Aiden Lassell Ripley (American, 1896-1969)
Born in Wakefield, Massachusetts, the son of a musician with the Boston Symphony Orchestra, Ripley was an accomplished musician, however, he chose to establish his career in art. After serving in the Army during World War I, he attended the Boston Museum School where he studied with artists such as Philip Hale and Frank W. Benson. While there, he was awarded a Paige Traveling Fellowship to study in Europe and Africa. Upon his return to America, he focused his work on the New England countryside, as well as scenes of city life and the railroad. Ripley himself was a committed outdoorsman, hunter, and active conservationist. He also worked as a portraitist and muralist and, in 1939, completed a mural for the Lexington Post Office.
Information courtesy of Skinner Inc., November 2008.
Aiden Ripley was born in Wakefield, Massachusetts to A Boston Symphony musician. Even though he excelled with musical instruments, painting was his true passion. He studied at the Fenway School and the Boston Museum of Fine Arts School under Tarbell and Benson. After serving in World War I he went back to the Museum School where he won the Paige Travelling Fellowship. This fellowship enabled him to study abroad from 1923 to 1925 in Africa, France and Holland. While in Europe he produced a large number of watercolors and a smaller number of oil paintings of the landscapes around him. Upon his return to Boston, he exhibited these landscapes as well as landscapes of New England at his first one-man show at the Guild of Boston Artists in 1926.

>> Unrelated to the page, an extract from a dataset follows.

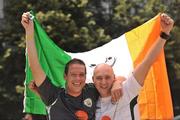 6 June 2009; Republic of Ireland supporters Ger Fitzgibbon, left, Dublin and Ken White, Dublin, in Sofia ahead of the 2010 FIFA World Cup Qualifier against Bulgaria. Sofia, Bulgaria. Picture credit: David Maher / SPORTSFILE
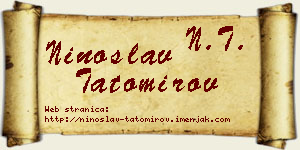 Ninoslav Tatomirov vizit kartica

Due to the rave review from this exhibition Ripley continued to find an eager audience for his work, but from this point on almost all his entire body of work concerned hunting, fishing, and outdoor scenes as subjects. Ripley was also active in the field of wildlife preservation and represented various sportsman-related groups in this capacity. As his success became greater and greater a larger number of galleries represented him including The Sporting Gallery and, then, Kennedy Gallery in New York. He won recognition and prizes for his work including: Logan Purchase prize and medal, Art Institute of Chicago, IL, 1928; co-winner, first Dacre Bush prize, Boston Watercolor Society, 1929. Ripley was elected into the National Academy of Design and served as president of the Boston Artists Guild for ten years preceding his death. He produced several commissions for corporations, Field and Stream, and individuals. His mural, Paul Revere’s Ride decorates the wall of the Lexington, Massachusetts post office, and one of his wildlife etchings was made into a U.S. postal stamp in 1942. Aiden Lassall Ripley died in 1969 in his home state of Massachusetts.